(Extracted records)
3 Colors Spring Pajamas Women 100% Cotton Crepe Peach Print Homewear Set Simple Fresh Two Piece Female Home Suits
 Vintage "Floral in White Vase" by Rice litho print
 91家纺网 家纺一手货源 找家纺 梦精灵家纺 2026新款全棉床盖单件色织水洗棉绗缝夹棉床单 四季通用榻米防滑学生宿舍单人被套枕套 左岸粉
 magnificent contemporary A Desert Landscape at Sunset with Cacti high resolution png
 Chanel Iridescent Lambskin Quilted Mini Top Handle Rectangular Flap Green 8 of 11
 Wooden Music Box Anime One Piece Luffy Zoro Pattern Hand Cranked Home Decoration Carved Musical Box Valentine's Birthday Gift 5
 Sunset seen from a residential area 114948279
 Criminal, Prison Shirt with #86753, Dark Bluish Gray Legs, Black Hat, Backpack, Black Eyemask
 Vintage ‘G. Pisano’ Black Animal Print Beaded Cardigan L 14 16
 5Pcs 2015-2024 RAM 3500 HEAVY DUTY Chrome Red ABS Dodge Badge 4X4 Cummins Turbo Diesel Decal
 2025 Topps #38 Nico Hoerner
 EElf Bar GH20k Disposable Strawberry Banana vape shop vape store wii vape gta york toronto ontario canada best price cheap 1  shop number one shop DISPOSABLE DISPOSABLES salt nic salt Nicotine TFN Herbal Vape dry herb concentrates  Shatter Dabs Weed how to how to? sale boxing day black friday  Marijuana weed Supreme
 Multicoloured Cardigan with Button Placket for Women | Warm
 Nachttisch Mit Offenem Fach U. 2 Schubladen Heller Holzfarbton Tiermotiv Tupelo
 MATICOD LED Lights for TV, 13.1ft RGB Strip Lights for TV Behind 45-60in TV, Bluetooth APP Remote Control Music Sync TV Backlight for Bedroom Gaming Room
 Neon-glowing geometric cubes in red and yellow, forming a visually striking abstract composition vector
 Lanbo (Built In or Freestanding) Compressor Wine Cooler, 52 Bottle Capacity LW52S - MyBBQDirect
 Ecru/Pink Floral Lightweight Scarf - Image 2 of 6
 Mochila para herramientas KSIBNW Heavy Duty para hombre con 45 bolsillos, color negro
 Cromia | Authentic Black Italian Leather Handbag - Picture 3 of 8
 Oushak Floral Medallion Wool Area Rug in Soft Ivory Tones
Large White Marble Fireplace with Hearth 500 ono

_Task directions_.
Every record shown above must be echoed exactly.

_Output below_.
3 Colors Spring Pajamas Women 100% Cotton Crepe Peach Print Homewear Set Simple Fresh Two Piece Female Home Suits
 Vintage "Floral in White Vase" by Rice litho print
 91家纺网 家纺一手货源 找家纺 梦精灵家纺 2026新款全棉床盖单件色织水洗棉绗缝夹棉床单 四季通用榻米防滑学生宿舍单人被套枕套 左岸粉
 magnificent contemporary A Desert Landscape at Sunset with Cacti high resolution png
 Chanel Iridescent Lambskin Quilted Mini Top Handle Rectangular Flap Green 8 of 11
 Wooden Music Box Anime One Piece Luffy Zoro Pattern Hand Cranked Home Decoration Carved Musical Box Valentine's Birthday Gift 5
 Sunset seen from a residential area 114948279
 Criminal, Prison Shirt with #86753, Dark Bluish Gray Legs, Black Hat, Backpack, Black Eyemask
 Vintage ‘G. Pisano’ Black Animal Print Beaded Cardigan L 14 16
 5Pcs 2015-2024 RAM 3500 HEAVY DUTY Chrome Red ABS Dodge Badge 4X4 Cummins Turbo Diesel Decal
 2025 Topps #38 Nico Hoerner
 EElf Bar GH20k Disposable Strawberry Banana vape shop vape store wii vape gta york toronto ontario canada best price cheap 1  shop number one shop DISPOSABLE DISPOSABLES salt nic salt Nicotine TFN Herbal Vape dry herb concentrates  Shatter Dabs Weed how to how to? sale boxing day black friday  Marijuana weed Supreme
 Multicoloured Cardigan with Button Placket for Women | Warm
 Nachttisch Mit Offenem Fach U. 2 Schubladen Heller Holzfarbton Tiermotiv Tupelo
 MATICOD LED Lights for TV, 13.1ft RGB Strip Lights for TV Behind 45-60in TV, Bluetooth APP Remote Control Music Sync TV Backlight for Bedroom Gaming Room
 Neon-glowing geometric cubes in red and yellow, forming a visually striking abstract composition vector
 Lanbo (Built In or Freestanding) Compressor Wine Cooler, 52 Bottle Capacity LW52S - MyBBQDirect
 Ecru/Pink Floral Lightweight Scarf - Image 2 of 6
 Mochila para herramientas KSIBNW Heavy Duty para hombre con 45 bolsillos, color negro
 Cromia | Authentic Black Italian Leather Handbag - Picture 3 of 8
 Oushak Floral Medallion Wool Area Rug in Soft Ivory Tones
Large White Marble Fireplace with Hearth 500 ono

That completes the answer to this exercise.